• WHAT THIS TASK INVOLVES: Within the entries below, please return exactly the lines from the one with "Silver Metal Cans" through the one with "BONLECILL noir tシャツ", leaving out any pictures.

• GIVEN DATA:

*****

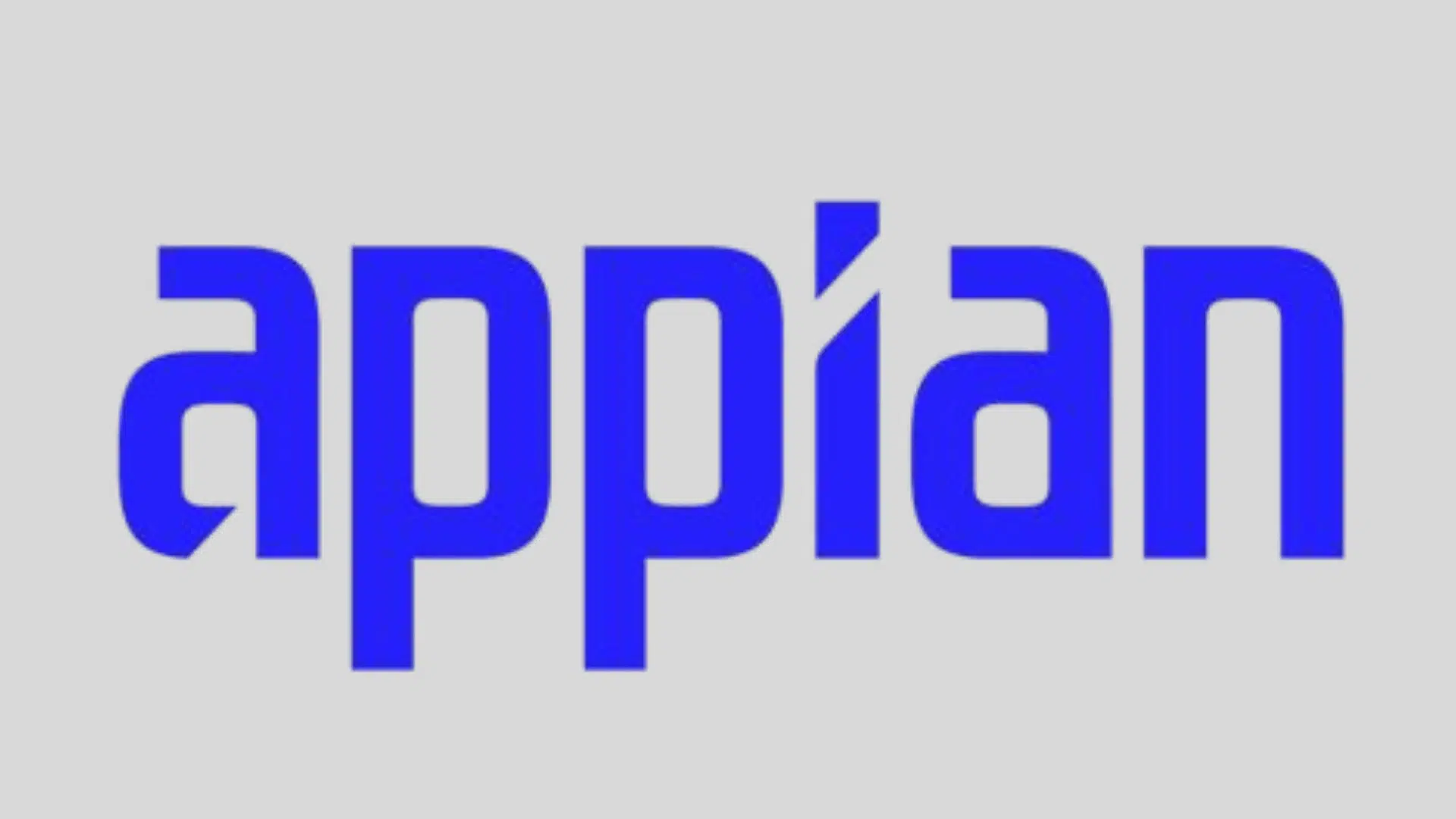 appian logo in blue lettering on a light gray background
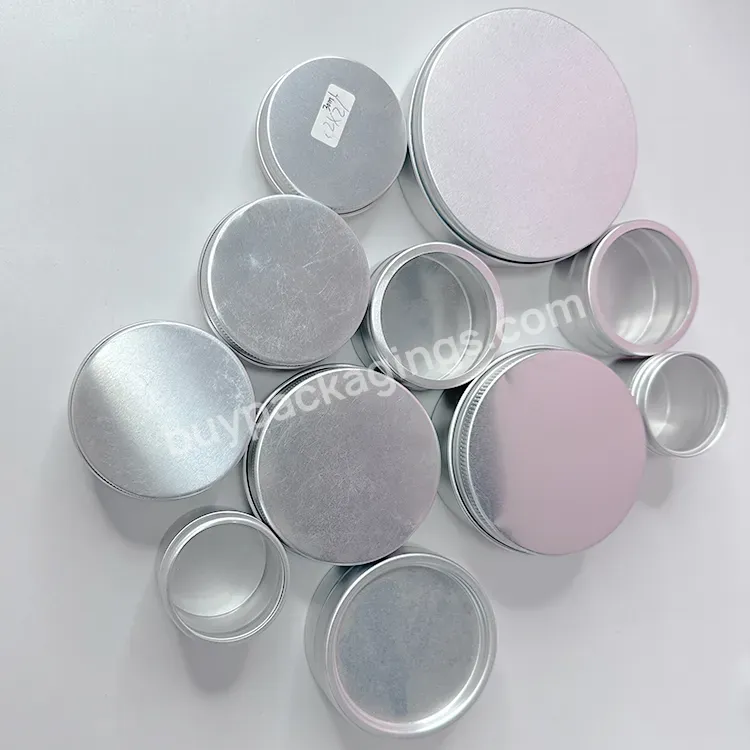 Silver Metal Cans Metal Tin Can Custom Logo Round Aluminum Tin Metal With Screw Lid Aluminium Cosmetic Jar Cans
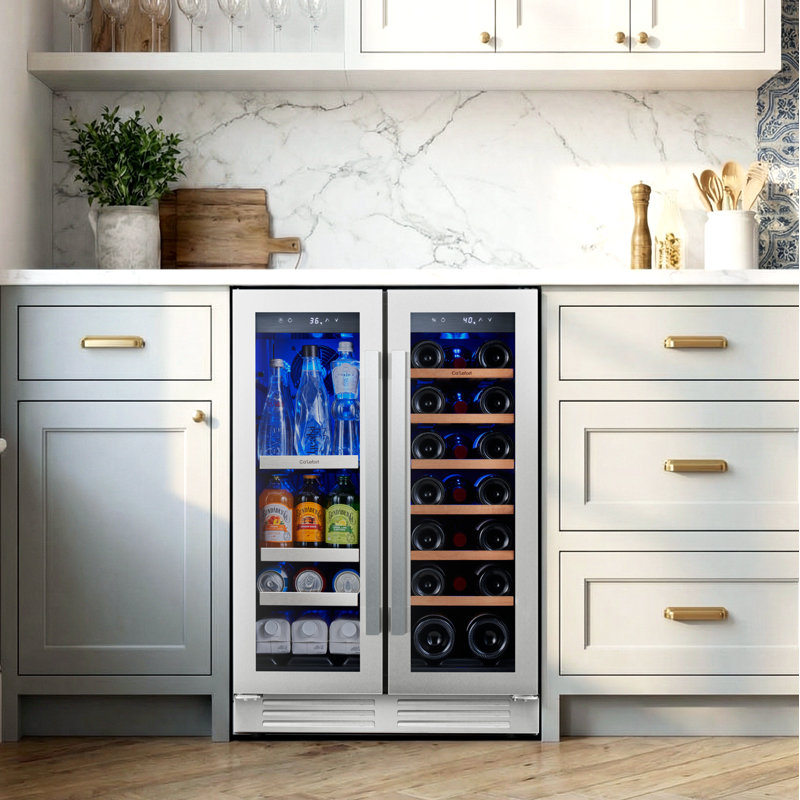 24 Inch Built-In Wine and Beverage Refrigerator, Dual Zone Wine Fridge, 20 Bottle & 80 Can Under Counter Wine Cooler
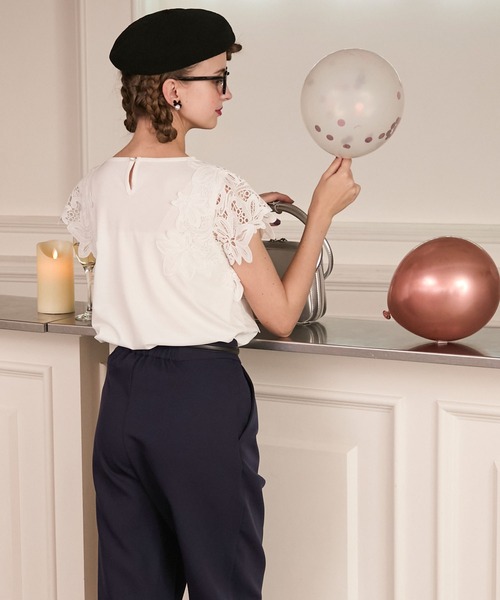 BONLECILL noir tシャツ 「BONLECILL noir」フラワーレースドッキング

*****

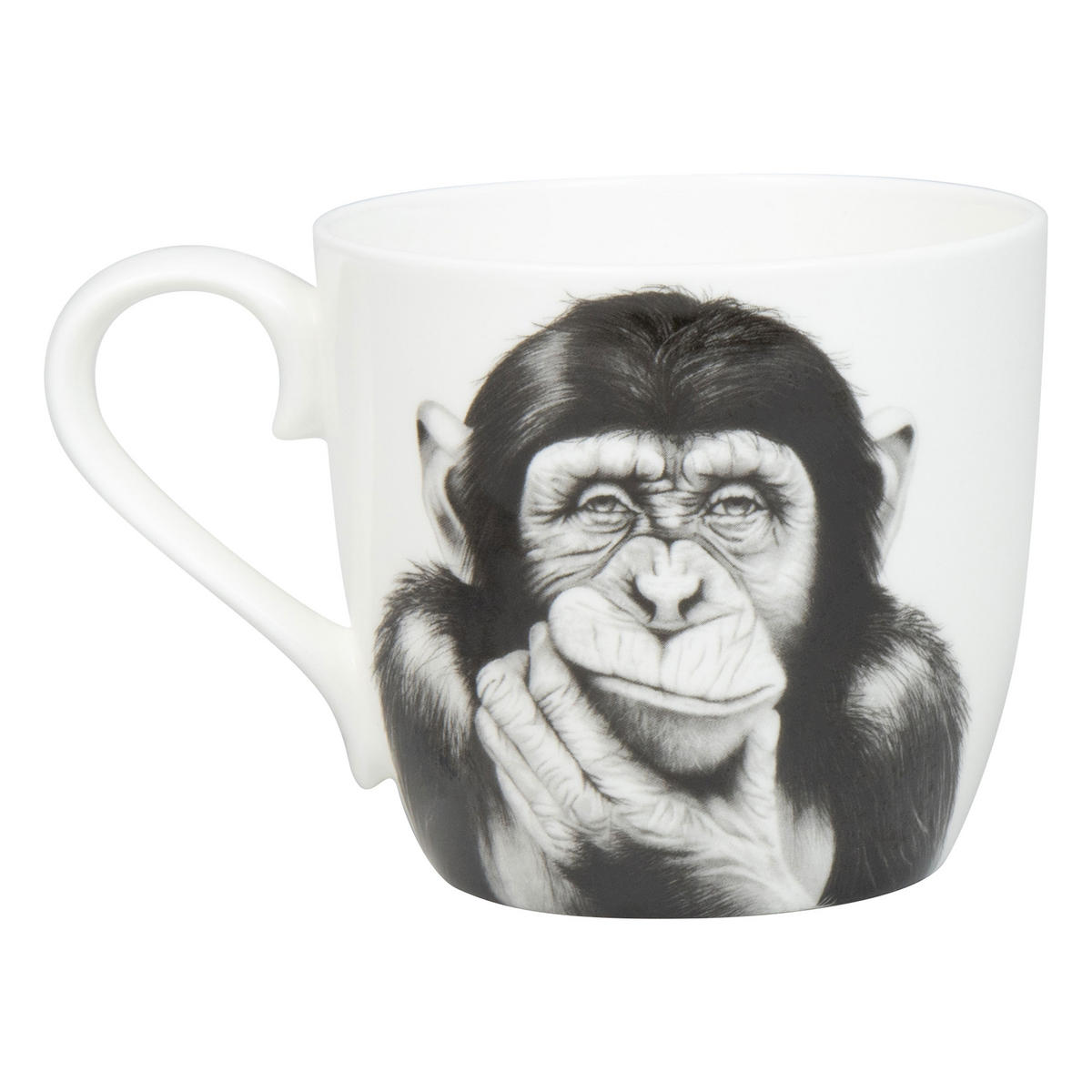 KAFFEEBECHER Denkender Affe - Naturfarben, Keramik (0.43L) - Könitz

*****

• TASK ANSWER:
 Silver Metal Cans Metal Tin Can Custom Logo Round Aluminum Tin Metal With Screw Lid Aluminium Cosmetic Jar Cans
 24 Inch Built-In Wine and Beverage Refrigerator, Dual Zone Wine Fridge, 20 Bottle & 80 Can Under Counter Wine Cooler
 BONLECILL noir tシャツ 「BONLECILL noir」フラワーレースドッキング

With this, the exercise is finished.